Ce chantier attire les travailleurs, et les femmes rescapées y trouvent aussi un moyen de conquérir tout ce qui leur a été pris par les hommes, effacer par le labeur qui donne la liberté les viols et la mort des maris. Mais « l'arrêt du conflit n'avait pas gommé les haines », et l'entente tourne vide en « cohabitation de bouts de nerfs » : une phrase de travers, une petite plaisanterie dans unn pâtois, et ce sont les couteaux tirés... La guerre civile a été dévastatrice. C'est un très beau roman de la condition féminine en temps de guerre, et des efforts que les rescapées doivent fournir pour survivre dans un univers babare et masculin. Deux femmes s'entr'aident, reconstruisent un monde à leur mesure, les mains dans la boue du pont.

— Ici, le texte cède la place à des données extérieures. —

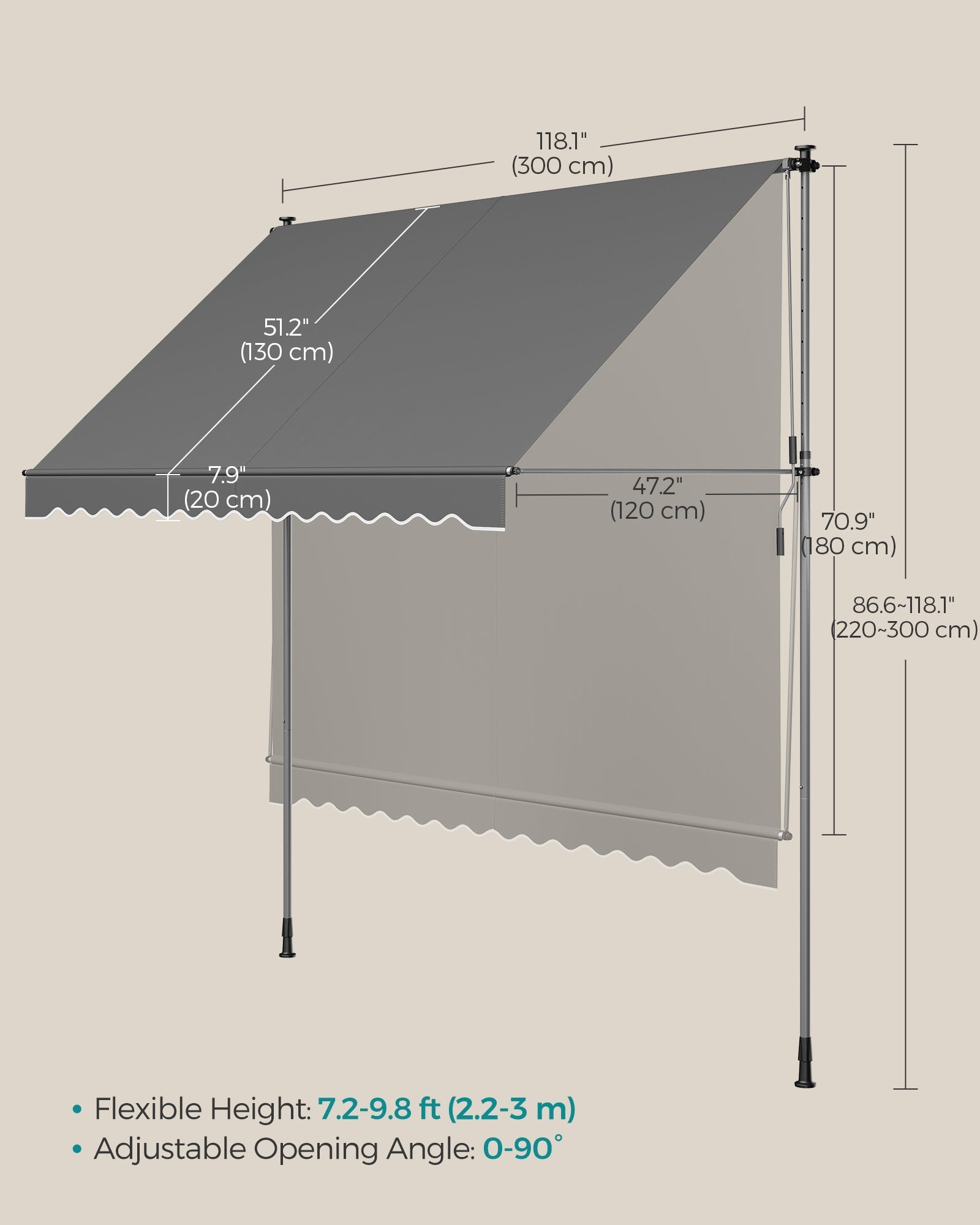 Height-Adjustable Awning - Fabric - Anthracite Grey - Manual Retractable Sunshade for Balcony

Descendu de la montagne et comme attiré par le pont, Schwara est mystérieux, il est maître artisans et solitaire, taciturne et profondément humain. Il secours les choses détruites, les ponts et les hommes. Mais il porte un lourd secret, fardeau de rancune et d'amour mêlés qui le pousse en avant, vers le pont qui l'unique lieu de l'après-guerre où, peut-être, sinon reconstruire du moins retrouver son existence. Son parcours est sineux, il marque chacune de ses étapes de signes et regarde, au loin, son passé aboli.

La misère de l'après-guerre et la promiscuité forcée ouvrent sur la découverte de l'autre : quand il n'y a plus rien, il faut survivre côte à côte loin des rancunes et des haines. Mais dans ce roman de la bêtise humaine égale de chaque côté de la frontière, la survit de l'humanité devient douteuse : le pont, qui reliait peuples, cultures et religions dans un effort commun, est l'actant essentiel de cette aventure où la vie même « survit » dans le cloaque boueux d'où sortira, pas l'union des forces communes, un espoir — peut-être — pour demain.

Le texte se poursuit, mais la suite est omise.